Archive for the tag “mobile”

Health Hack Day ’12: Day 1 impressions

So as mentioned in the previous post, Health Hack Day ’12 in Stockholm is underway right now; it started with a number of lectures and a party yesterday and the actual hacking will start today, with the winning apps to be presented tomorrow. You can follow the #hhd12 hashtag on Twitter or go to the link above to see the recorded lectures.

I thought the arrangements and speaker line-up yesterday were surprisingly good, which bodes well for the survival of the Health Hack Day concept, in fact I’m sure they will be back next year. The lectures (which were recorded and can be viewed online at the link above) were given in a smallish space (part of a fin de siècle apartment complex now used as an office hotel for creative types, located near Stureplan in central Stockholm) decorated with thousands of yellow strips of paper hanging down from the ceiling – a nice-looking installation which also provided some relief from the heat in the room when the wind occasionally blew in through the window and turned the paper strips into a giant ceiling fan.
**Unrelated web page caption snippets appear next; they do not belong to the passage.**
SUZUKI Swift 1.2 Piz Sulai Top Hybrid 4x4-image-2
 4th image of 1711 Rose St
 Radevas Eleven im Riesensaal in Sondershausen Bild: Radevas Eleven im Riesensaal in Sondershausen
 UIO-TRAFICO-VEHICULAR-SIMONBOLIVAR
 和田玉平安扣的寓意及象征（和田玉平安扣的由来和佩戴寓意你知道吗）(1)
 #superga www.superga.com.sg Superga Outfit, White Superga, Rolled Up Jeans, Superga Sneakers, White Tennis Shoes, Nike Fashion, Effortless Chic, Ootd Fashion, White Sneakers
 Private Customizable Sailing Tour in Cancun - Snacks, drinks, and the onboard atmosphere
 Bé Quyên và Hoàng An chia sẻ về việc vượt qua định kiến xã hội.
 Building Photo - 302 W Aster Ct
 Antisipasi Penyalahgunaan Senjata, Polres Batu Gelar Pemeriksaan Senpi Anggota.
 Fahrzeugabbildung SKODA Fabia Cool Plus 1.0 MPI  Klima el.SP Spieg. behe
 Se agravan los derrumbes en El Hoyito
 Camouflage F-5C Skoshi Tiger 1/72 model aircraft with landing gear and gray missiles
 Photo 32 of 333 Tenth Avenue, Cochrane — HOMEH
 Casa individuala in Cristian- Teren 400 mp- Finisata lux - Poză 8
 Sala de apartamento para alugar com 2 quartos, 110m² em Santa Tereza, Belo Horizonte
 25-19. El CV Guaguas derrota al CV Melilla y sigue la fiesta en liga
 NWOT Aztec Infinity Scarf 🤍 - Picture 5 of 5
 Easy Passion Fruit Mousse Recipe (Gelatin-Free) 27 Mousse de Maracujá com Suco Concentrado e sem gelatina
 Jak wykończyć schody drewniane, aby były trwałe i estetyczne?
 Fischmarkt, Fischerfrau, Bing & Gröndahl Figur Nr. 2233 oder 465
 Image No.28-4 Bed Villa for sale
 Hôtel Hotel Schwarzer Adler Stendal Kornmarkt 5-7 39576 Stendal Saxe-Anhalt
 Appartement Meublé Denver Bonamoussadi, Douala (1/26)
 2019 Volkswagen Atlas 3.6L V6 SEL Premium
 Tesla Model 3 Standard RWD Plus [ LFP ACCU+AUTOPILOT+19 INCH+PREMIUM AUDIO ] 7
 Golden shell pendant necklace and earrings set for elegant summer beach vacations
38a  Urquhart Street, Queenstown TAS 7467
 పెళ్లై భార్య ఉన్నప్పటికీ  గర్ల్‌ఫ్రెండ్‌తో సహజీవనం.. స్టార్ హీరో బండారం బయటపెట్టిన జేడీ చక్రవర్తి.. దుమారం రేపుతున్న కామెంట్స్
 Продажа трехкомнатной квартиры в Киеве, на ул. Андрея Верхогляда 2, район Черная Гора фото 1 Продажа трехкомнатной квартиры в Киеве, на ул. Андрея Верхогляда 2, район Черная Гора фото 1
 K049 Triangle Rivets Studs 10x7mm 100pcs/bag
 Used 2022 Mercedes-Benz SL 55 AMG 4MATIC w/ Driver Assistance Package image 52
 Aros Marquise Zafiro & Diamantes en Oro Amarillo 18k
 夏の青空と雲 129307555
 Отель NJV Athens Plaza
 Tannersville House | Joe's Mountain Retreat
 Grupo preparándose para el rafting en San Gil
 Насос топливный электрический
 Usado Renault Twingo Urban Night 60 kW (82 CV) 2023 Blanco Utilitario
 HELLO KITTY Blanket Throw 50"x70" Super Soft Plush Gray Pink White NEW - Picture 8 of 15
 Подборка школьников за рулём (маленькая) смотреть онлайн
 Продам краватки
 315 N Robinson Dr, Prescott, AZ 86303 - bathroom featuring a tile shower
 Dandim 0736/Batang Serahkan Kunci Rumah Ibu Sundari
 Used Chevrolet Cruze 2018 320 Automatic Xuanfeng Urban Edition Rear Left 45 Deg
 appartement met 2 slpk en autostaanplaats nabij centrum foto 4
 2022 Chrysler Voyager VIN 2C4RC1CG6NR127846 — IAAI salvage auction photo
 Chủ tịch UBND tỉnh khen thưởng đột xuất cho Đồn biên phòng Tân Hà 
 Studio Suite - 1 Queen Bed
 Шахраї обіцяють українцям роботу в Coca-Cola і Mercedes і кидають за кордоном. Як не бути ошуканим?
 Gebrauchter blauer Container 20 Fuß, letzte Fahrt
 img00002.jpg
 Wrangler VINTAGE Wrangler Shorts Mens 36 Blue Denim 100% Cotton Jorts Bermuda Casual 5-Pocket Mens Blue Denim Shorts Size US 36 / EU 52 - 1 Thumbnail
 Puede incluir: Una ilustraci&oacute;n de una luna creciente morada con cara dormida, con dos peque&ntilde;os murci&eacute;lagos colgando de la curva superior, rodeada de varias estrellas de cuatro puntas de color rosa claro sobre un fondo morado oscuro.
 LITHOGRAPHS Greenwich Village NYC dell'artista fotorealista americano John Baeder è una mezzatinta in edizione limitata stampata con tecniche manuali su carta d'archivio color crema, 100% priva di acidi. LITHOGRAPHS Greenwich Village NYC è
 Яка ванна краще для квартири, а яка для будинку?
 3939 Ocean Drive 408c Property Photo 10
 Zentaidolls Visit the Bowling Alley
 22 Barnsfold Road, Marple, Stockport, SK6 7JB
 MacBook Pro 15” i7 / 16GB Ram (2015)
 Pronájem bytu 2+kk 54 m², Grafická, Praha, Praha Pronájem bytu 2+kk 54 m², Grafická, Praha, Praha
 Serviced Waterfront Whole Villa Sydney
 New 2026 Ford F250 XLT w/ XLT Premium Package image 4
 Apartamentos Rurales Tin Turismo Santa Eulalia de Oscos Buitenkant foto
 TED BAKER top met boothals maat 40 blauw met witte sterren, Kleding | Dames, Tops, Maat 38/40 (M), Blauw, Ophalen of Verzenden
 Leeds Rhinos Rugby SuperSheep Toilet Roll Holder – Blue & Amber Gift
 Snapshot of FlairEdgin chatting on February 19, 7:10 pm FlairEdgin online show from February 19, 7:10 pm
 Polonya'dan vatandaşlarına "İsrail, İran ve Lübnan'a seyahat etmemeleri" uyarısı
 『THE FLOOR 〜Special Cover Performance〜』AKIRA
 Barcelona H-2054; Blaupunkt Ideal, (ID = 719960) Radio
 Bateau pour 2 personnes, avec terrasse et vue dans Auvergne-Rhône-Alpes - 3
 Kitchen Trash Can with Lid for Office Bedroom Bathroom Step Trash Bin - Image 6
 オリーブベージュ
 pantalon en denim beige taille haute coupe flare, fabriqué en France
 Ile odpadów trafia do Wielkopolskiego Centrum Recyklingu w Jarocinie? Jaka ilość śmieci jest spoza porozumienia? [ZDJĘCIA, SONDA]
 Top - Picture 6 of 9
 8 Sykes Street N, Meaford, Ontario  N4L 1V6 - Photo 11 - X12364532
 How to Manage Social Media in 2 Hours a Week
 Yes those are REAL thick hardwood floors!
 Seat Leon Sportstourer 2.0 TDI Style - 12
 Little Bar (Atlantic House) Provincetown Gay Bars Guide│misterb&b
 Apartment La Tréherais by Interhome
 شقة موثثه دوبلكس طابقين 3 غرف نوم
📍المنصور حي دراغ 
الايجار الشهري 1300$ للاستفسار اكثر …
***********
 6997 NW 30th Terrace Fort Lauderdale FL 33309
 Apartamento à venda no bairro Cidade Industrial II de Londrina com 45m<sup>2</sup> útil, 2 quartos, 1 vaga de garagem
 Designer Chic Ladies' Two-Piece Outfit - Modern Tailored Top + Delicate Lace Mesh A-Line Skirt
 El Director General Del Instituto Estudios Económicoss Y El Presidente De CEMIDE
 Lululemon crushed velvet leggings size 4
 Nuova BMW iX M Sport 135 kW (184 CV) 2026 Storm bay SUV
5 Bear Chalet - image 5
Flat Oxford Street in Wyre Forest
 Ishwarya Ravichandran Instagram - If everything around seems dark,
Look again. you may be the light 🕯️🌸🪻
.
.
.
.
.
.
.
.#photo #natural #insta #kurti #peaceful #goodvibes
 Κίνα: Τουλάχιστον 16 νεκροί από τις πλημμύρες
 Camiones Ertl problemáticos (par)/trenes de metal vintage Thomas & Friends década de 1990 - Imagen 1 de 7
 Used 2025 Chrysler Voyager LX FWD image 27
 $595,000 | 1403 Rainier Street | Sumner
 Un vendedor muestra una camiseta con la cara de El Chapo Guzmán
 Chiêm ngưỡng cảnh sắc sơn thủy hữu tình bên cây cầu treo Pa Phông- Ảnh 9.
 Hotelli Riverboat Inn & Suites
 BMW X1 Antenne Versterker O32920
Meanwhile, visitors could sip some excellent free coffee (from Stockholm roast).

Hoa Ly is a young, enterprising fellow who works for Psykologifabriken (“The Psychology Factory”) and his own sister company Hoa’s Tool Shop (both of these companies were involved in arranging the event), as well as doing clinical psychology research at Linköping university and being a successful DJ. He talked about behavior change through digital tools, exemplifying with the Viary mobile & web app which has been used successfully for depression treatment but, as I understand it, is quite general in nature so you could track any kind of behavior & goals (incidentally, the statistics interface looks a lot like the WordPress interface where I look at access statistics for this blog!) Hoa also talked about correlating data from different sources like Viary, the Zeo sleep tracker and exercise data from heiaheia.com. Integrating data from different sources is of course very interesting but I didn’t feel we quite got any really solid concrete examples here, just a general sense that it should be useful. Anyway. The most intriguing part of Hoa’s talk was when he described the launch of a new project to “disrupt the whole dance music industry” (or words to that effect). The idea is to treat DJ performances as scientific experiments and “gather data from the audience”, for instance by measuring adrenaline levels in response to song selections. Hoa and his partners have created a new  country called Yamarill (link in Swedish) to construct a narrative around which this project will be built. The inauguration of the new country will apparently be celebrated on June 1 at the Hoa’s Tool Shop office spaces. The Yamarill “delegation” has already played several DJ gigs “combining electronic dance music, technology and psychology” as they say in the linked interview (I might also add “quirky clothes”).

Pernilla Rydmark from .SE talked about different forms of crowdfunding and presented five Swedish platforms for it. .SE is also introducing an interesting form of funding called “guaranteed funding” where they pick projects that are already popular on crowdfunding platforms and promise to fund them up to their stated goal in case they don’t succeed in reaching it through the crowdfunding platform. Thus, the goal of the funding is rather paradoxically that no one should get it (because .SE is hoping that the projects will get fully funded by the crowd.)

Bill Day from Runkeeper talked about the need for an open, global health platform and presented HealthGraph, a free platform with tens or millions of users initiated by the RunKeeper team but which is expanding far beyond that community.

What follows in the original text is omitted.